Sidebar: LaCroix Helps Develop New Field
Professor Alison LaCroix, a legal historian, taught the Law School’s first class on law and linguistics over Winter Quarter with Jason Merchant, Professor of Linguistics and Deputy Dean for Languages and Instruction in the University’s Division of the Humanities.
The class, Historical Semantics and Legal Interpretation: Questions and Methods, was a seminar that taught students to use the methodologies of linguistics to gain a better understanding of historical jurisprudence.

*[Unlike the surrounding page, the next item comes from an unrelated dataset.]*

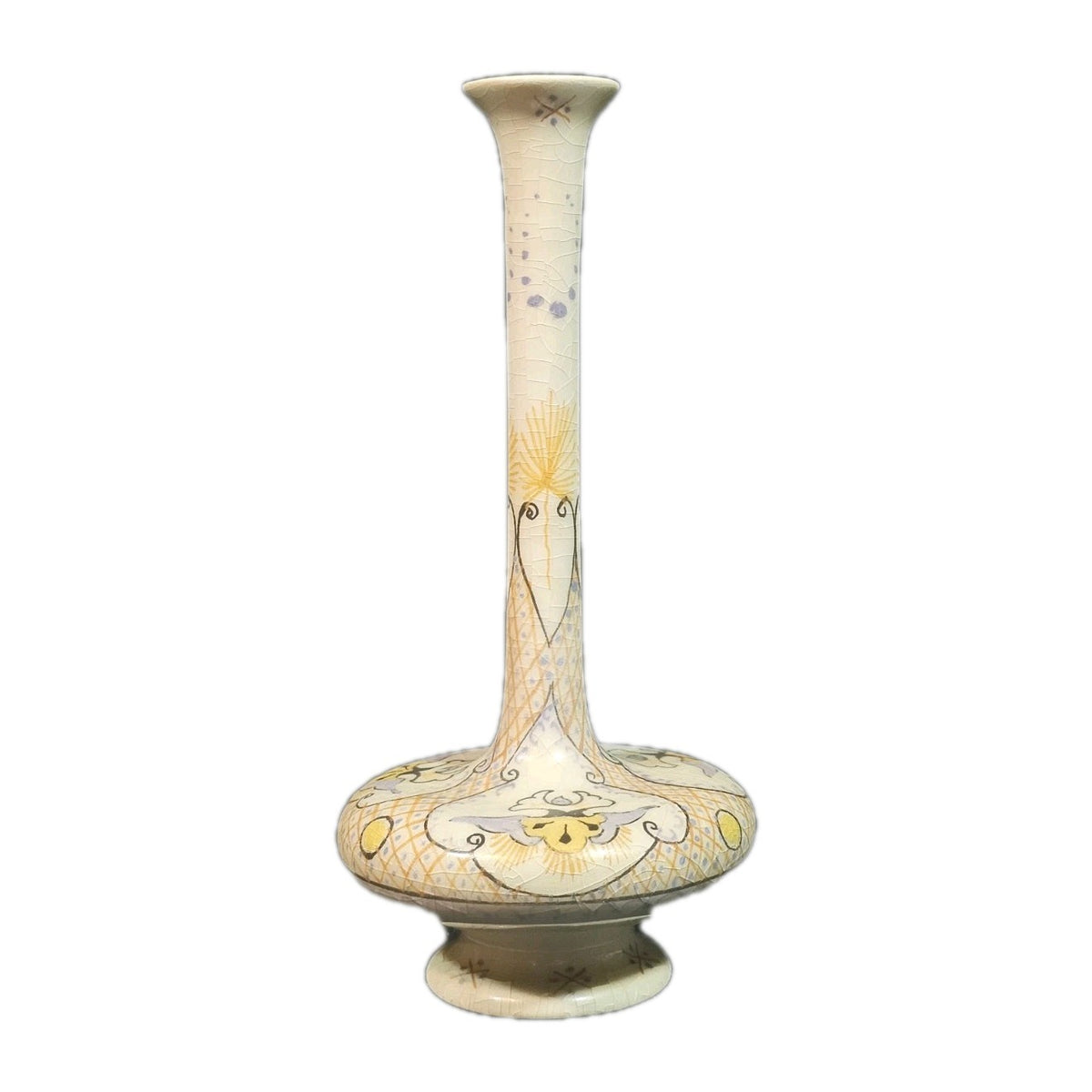A Holland Helene Gouda Art Nouveau Vase Hand Painted Slender Neck Model 537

The meaning of words and phrases change greatly over time; this is a way to analyze those changes in legal contexts, whether in the Constitution, statutes, codes, contracts, or any other source of law.

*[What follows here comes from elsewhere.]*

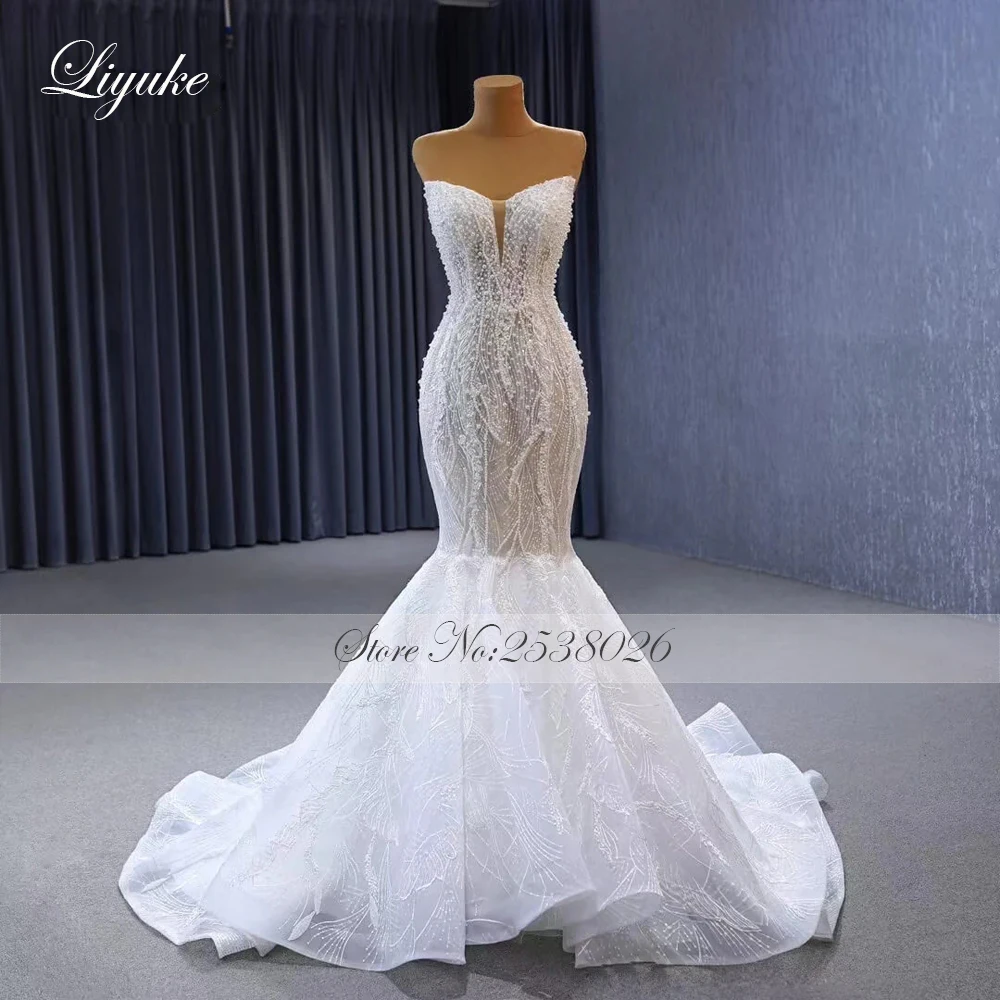 Liyuke Sheer Beading Pearls Sweetheart Mermaid Wedding Dress Uniquisite Lace Off Shoulder Sleeveless Trumpet Gowns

For example, in the Second Amendment, the words “keep and bear arms” invite many interpretations of meaning. Using linguistics methods and new search technologies, a legal scholar can find uses of that phrase in historical texts and gain an idea of its changing use over time.
This is a new field, and LaCroix and Merchant plan to publish together on the subject. Their class was supported by a grant from the Center of Disciplinary Innovation, part of the University’s Franke Institute for the Humanities.
“It’s very exciting, because it feels like something that could have a real impact on how judges decide cases,” LaCroix said. “It has really enormous applications across all fields of law, to tell us something that is the real goal of legal practice and legal scholarship: what do legal words and phrases mean, and how do we know?”
Merchant, who studies the interface between syntax and semantics, said the course combines their respective areas of expertise: LaCroix is an expert in the legal texts and their ambiguities, while he knows the technology and methodologies of linguistics, which takes a mathematical approach to analyzing language. Most of the students in the class were linguistics students, though a few law students did participate.
“It’s great to work with an expert on early American federalism and constitutional law like Alison, and even more fun to coteach with her,” Merchant said.